THE TASK -> Output, exactly as written, the lines below starting at the line containing "DVD】忘却バッテリー 第1巻 | グッズ 通販 | MAPPA online shop" and ending at the line containing "国际乒联颁奖典礼2020". Drop the pictures and keep both end lines.

DATASET CONTENT ->
•••••

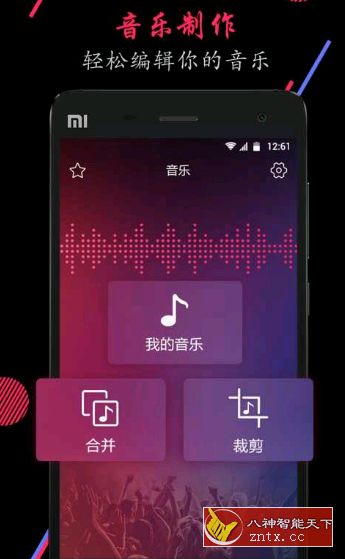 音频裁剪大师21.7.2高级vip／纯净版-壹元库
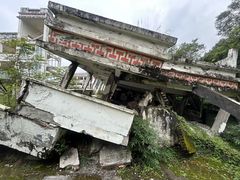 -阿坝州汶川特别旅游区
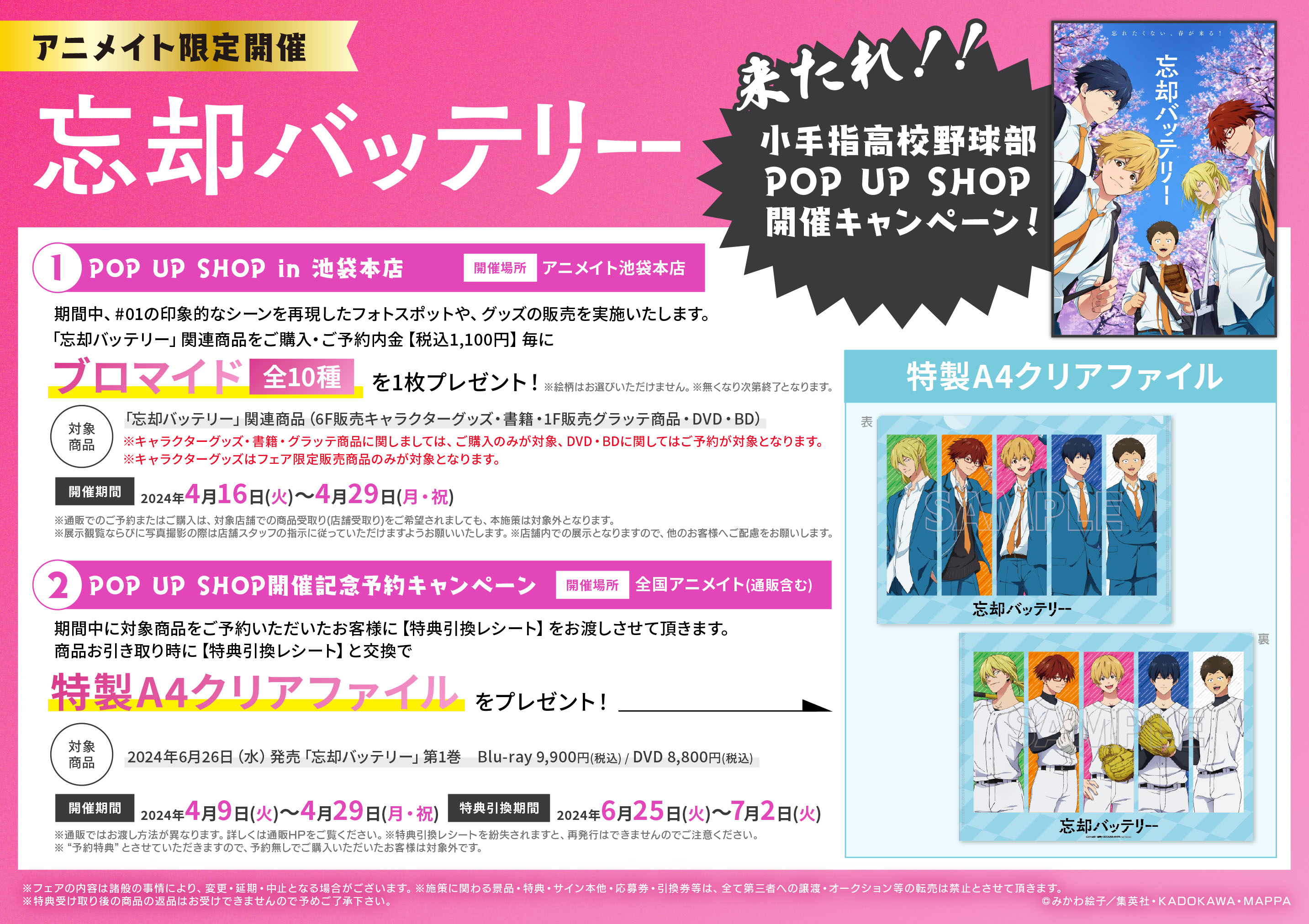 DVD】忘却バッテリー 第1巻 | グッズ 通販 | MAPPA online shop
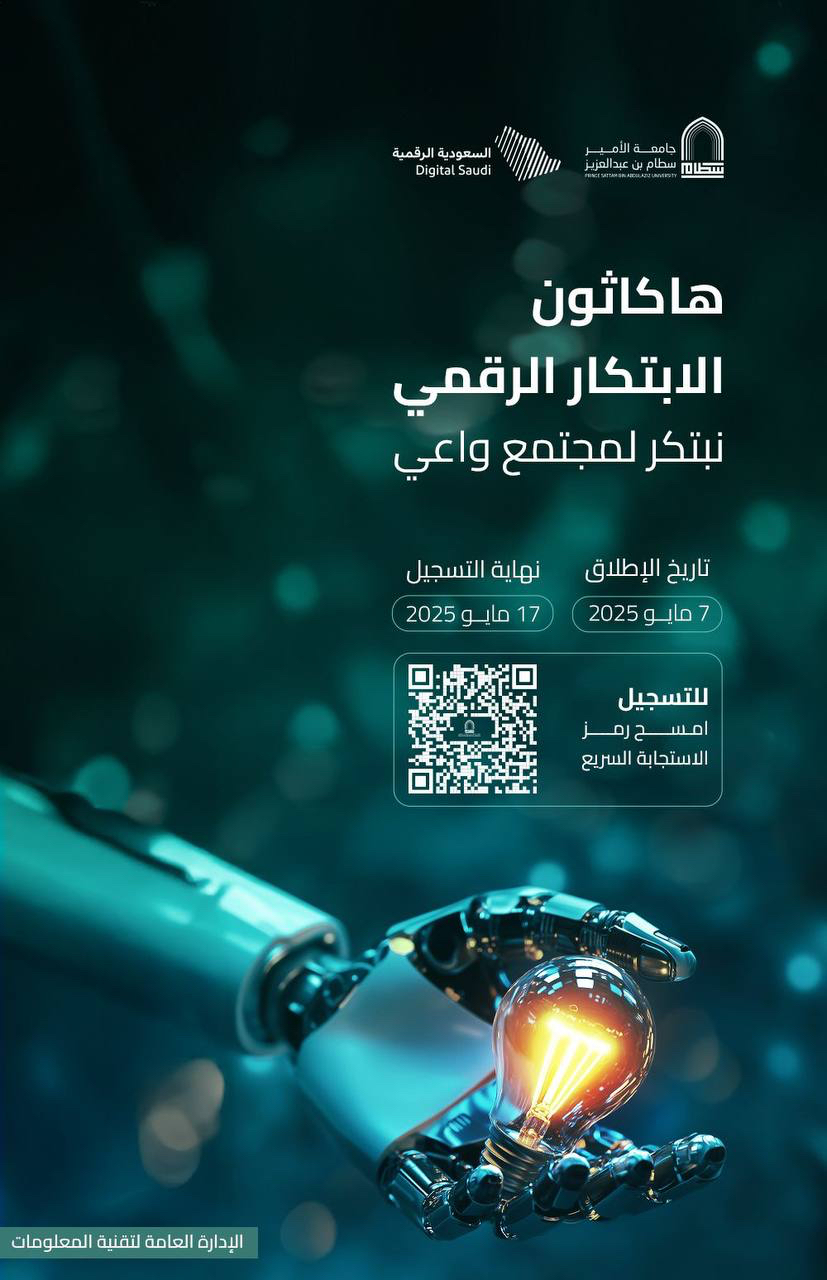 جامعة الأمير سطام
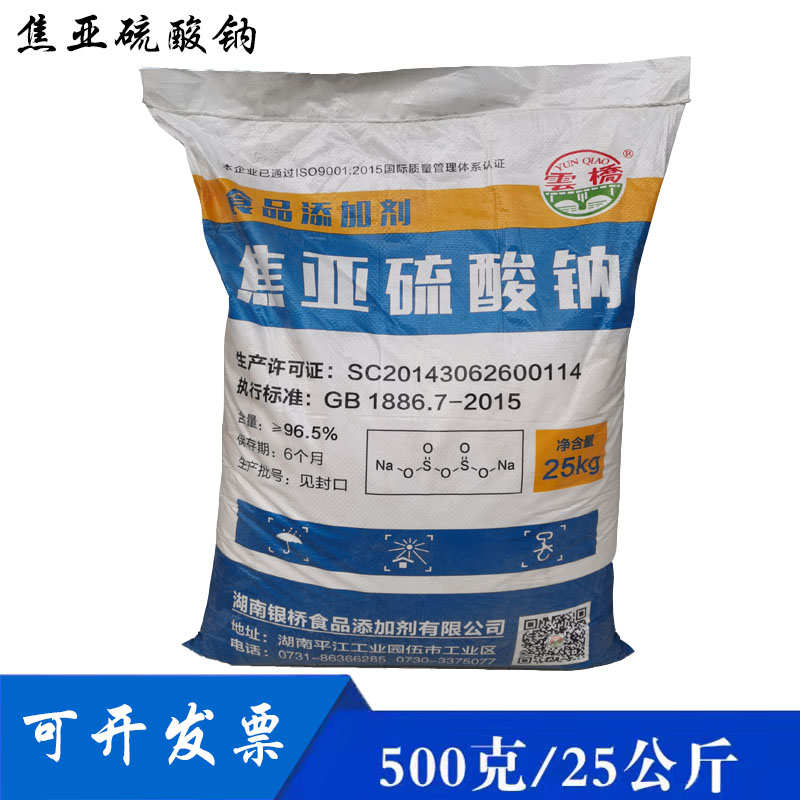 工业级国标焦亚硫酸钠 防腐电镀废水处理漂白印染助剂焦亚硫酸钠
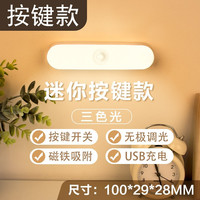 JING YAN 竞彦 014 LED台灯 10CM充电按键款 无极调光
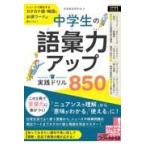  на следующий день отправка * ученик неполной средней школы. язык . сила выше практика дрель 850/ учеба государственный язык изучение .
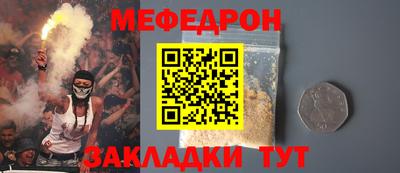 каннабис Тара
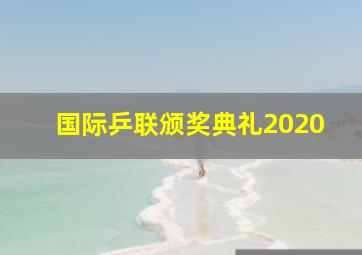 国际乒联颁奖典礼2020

•••••

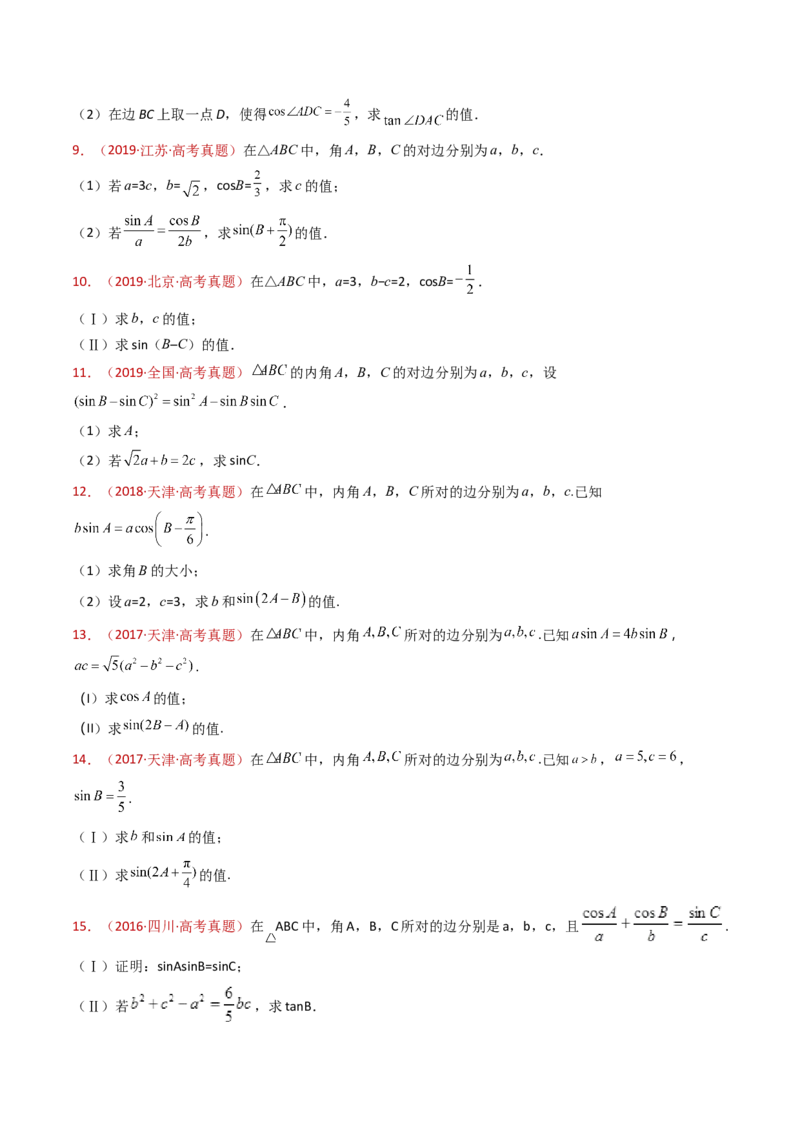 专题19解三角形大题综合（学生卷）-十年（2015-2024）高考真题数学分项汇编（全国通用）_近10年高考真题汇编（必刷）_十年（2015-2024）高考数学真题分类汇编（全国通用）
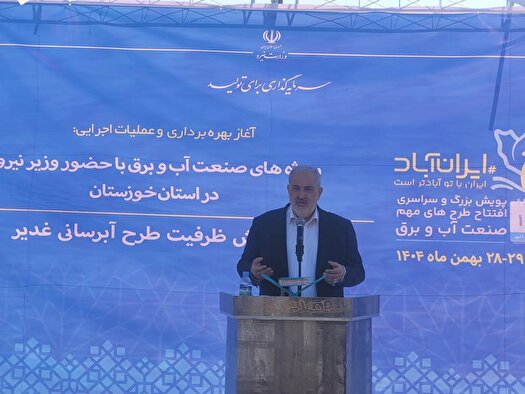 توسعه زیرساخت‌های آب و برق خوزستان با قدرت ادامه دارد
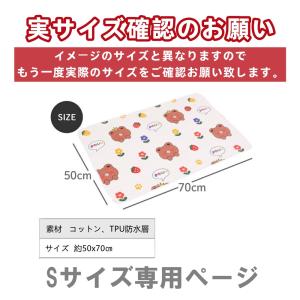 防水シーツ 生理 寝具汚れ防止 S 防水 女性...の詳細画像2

•••••

RESPONSE AREA ->
 DVD】忘却バッテリー 第1巻 | グッズ 通販 | MAPPA online shop
 جامعة الأمير سطام
 工业级国标焦亚硫酸钠 防腐电镀废水处理漂白印染助剂焦亚硫酸钠
 JING YAN 竞彦 014 LED台灯 10CM充电按键款 无极调光
  на следующий день отправка * ученик неполной средней школы. язык . сила выше практика дрель 850/ учеба государственный язык изучение .
 каннабис Тара
 国际乒联颁奖典礼2020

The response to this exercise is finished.